Während Horror-Fahrt der Linie 66 keine Notbremsung möglich

Warum funktionierte die Notbremse bei der Horrorfahrt nicht, die von Fahrgästen gezogen wurde? SWB-Sprecherin Veronika John: „Das ist ein Automatismus und soll auch so sein. Die Notbremse funktioniert im Bereich der Haltestellen, wenn zum Beispiel jemand ins Gleis stürzt. Auf schneller freier Strecke ist dies nicht möglich. Ein Grund ist, dass zum Beispiel bei einem Feuer die Bahn nicht in einem Tunnel stoppt. Der Fahrer bekommt ein Signal, wenn die Bremse betätigt wird, kann dann Rücksprache mit den Fahrgästen aufnehmen und den Zug stoppen. Es ist immer sicherer für den Fahrer zur nächsten Haltestelle zu fahren. Dies war natürlich in diesem Fall leider nicht möglich.“

Dass die Notbremsung letztendlich nur durch den Fahrer durchgeführt werden kann, ist bei allen Verkehrsunternehmen so geregelt. Dies gilt auch für Züge des Regionalverkehrs, IC- oder ICE-Züge.

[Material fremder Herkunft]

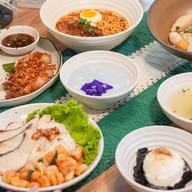 Chim charm (ก๋วยเตี๋ยวปลาคาเฟ่) พัทยา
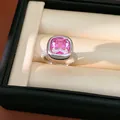 Elegante anello argentato con un grande zircone rosa e fascia con pietre preziose - Stile Magenta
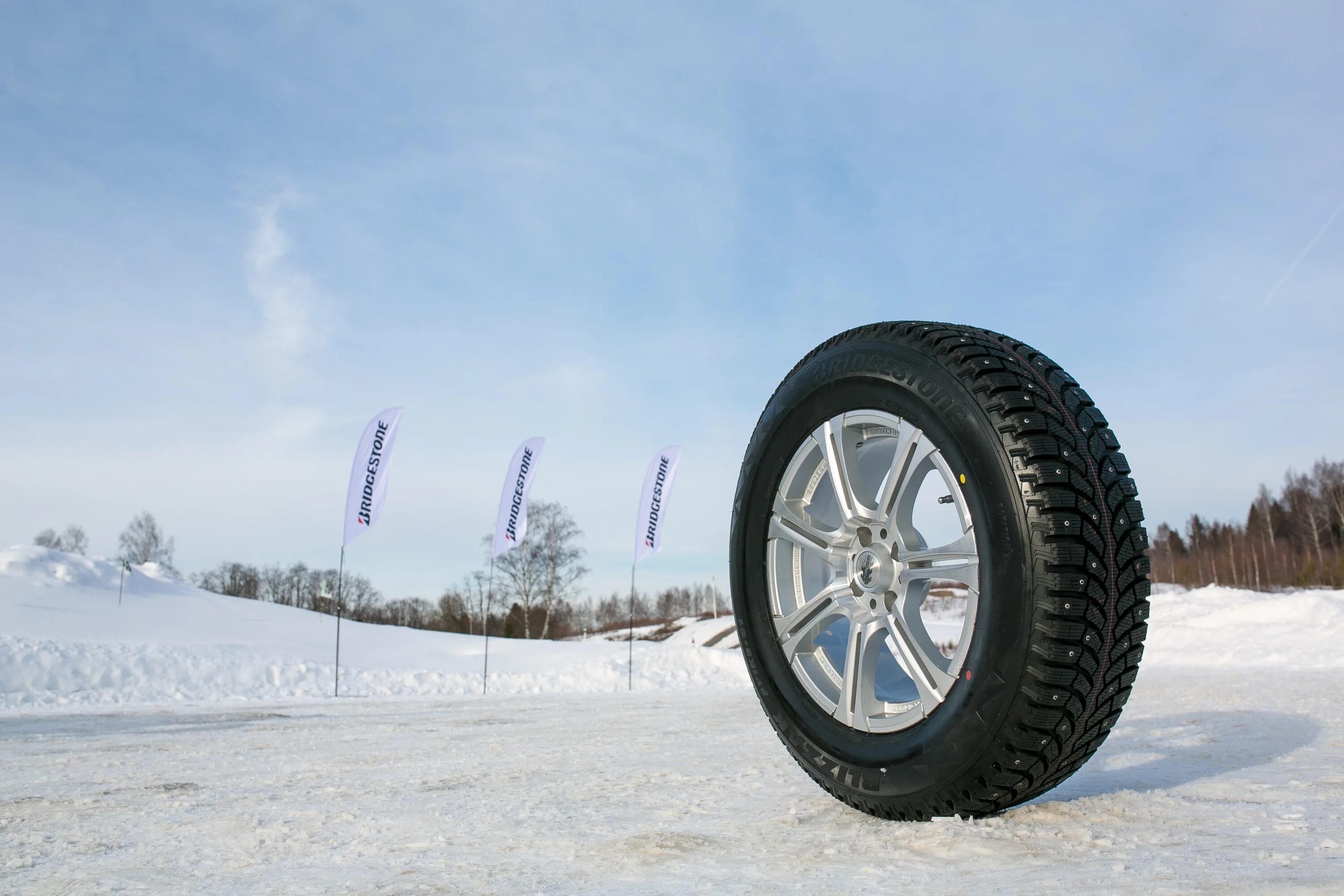 Шипованные шины внедорожник. Колеса бриджстоун зимние. bridgestone winter 25d. колеса бриджстоун зимние шипованные 2856018 зима. колеса зимние 285х70х17.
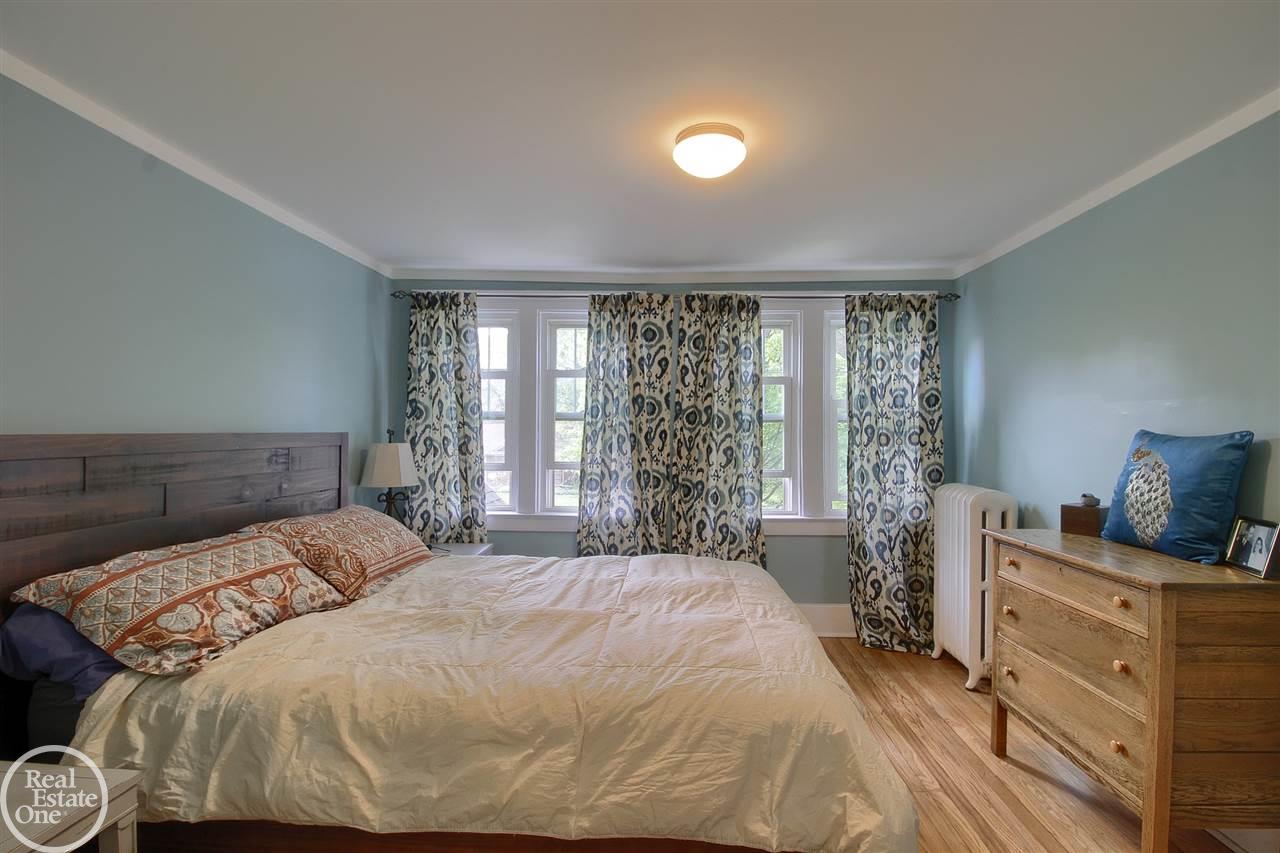 874 Barrington Road Grosse Pointe, MI 48230 - Photo 14 of 30 31378785-13.JPG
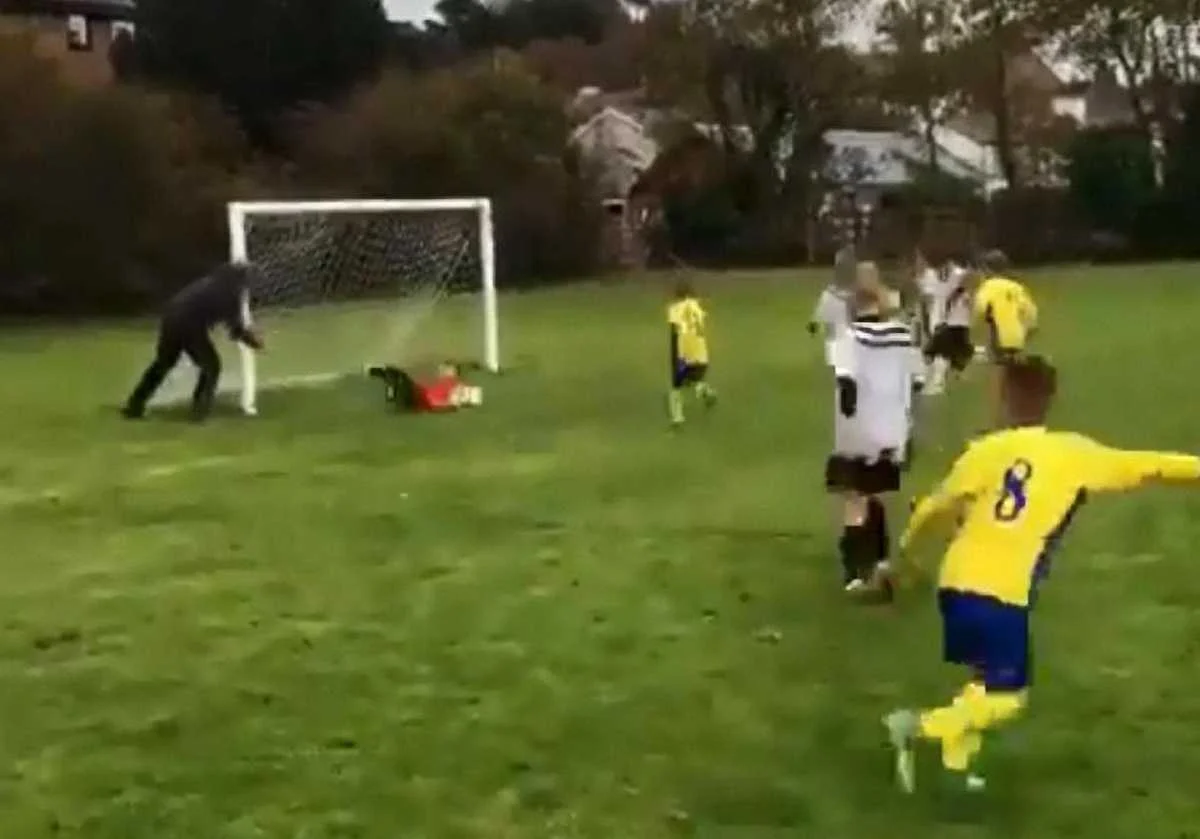 Батько допоміг своєму сину здійснити сейв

Nach Horror-Fahrt: Lob für Fahrgäste der Linie 66

Am Sonntagnachmittag nach dem Unglück gaben SWB und Bonner Polizei eine gemeinsame Pressekonferenz. Anja Wenmakers, SWB-Bus- und Bahn-Chefin und Kommunikationsleiter Jürgen Winterwerp zeigten sich betroffen vom Vorfall und lobten die gute Zusammenarbeit von Fahrgästen und den Leitstellen von Polizei und Stadtwerken. „Wir haben dies in der Theorie oft geübt. Den Ernstfall wünscht man sich natürlich nicht, sind aber sehr glücklich, dass es so gut funktioniert hat“, so Wenmakers.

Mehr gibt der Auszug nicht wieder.